Jim Starr’s socalled evidence being deemed circumstantial, he was granted an extension while he sought more witnesses, but very little new evidence was forthcoming. On March 4, the plaintiff ’s case was judged too weak to merit the indictment of an honest white American-“a quiet, hard-working man whose local reputation is good,” said the Fort Smith Era next day. Even so, I had spent two weeks in jail before the Hanging Judge threw out the case.
Furious, Jim Starr rode away to join an outlaw band. He died less than a year later, shot down in the Chickasaw Nation by a sheriff ’s deputy who reported that the dying Starr confessed to killing his own wife with Watson’s gun. By that time, it was widely rumored that Old Tom Starr had killed her to avenge the death of his beloved son Sam, whom she had led into bad company. Pony Starr declared that a white rancher had hired a cowhand to dispose of her and others suspected an outlaw named John Middleton. Ed Watson was the only suspect ever brought to court for the murder of Belle Starr but many others would be nominated for that honor.
With her death, Maybelle was transformed by the newspapers from the ill-favored consort of robbers to the beautiful Civil War spy, border hellion, and Queen of the Outlaws whose lovers were the terror of the West. Her legend got off to a flying start on the day of her funeral in a brief news flash in the Press-Argus, which made four errors in its single sentence: It is reported that the notorious Indian (sic) woman Bell (sic) Starr was shot dead on Monday (sic) at Eufaula (sic), Indian Territory. The “woman” part was accurate but only barely. Next, a Fort Smith editor filed the following dispatch, duly printed on the front page of the New York Times:
Word has been received from Eufala, Indian Territory, that Belle Starr was killed there Sunday night. Belle was the wife of Cole Younger [and]the most desperate woman that ever figured on the borders. She married Cole Younger directly after the war, but left him and joined a band of outlaws that operated in the Indian Territory. She had been arrested for murder and robbery a score of times, but always managed to escape.

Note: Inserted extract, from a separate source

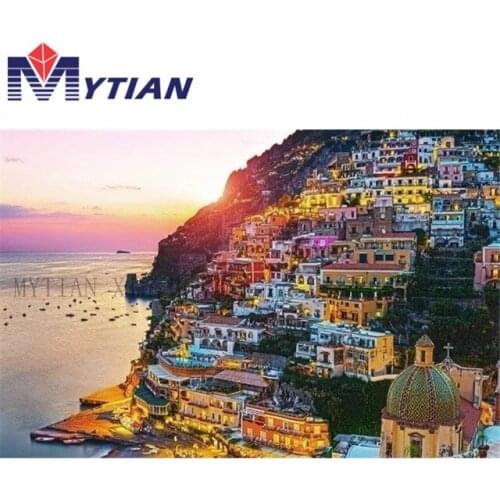 DIY Coast Evening Diamond Painting,Full Square Round Drill Diamond Embroidery Kit Sea Landscape 5D Diamond Paint By Numeber Gift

After the first sentence, this report is inaccurate in every last detail.
Since Belle’s son Eddie had sworn publicly that he would “slaughter that old sow,” it seemed rather curious that no one wondered if young Reed might not have been the killer, or even if Reed and Mr. Watson, who were neighbors at Jack Rowe’s, had not collaborated in the killing, all the more likely since on that fatal Sunday, Reed had left those premises not long before his mother’s arrival, just as I had. Called by the prosecution in the hope he would testify against me, Eddie never once mentioned my name.
Dr. Jesse Mooney, who had tended Eddie after a savage beating from his mother, concluded that her son had been her killer, having been told this in so many words by Rosie Lee Reed, alias Pearl Younger, who had covered for her brother by throwing suspicion on me. Rosie Lee related to Dr. Mooney that when she found Belle dying in the road, she lifted her head from the bloody puddle and held her in her arms, at which point Belle opened her eyes and whispered, “Baby, your darned brother done this. I seen him across the fence before he cracked down on me.” Mercifully Pearl seemed unaware that her brother climbed the fence and walked over to his mother and fired a second shot into her face. Otherwise, her account was pretty accurate. I know that because I saw him do it. I was there.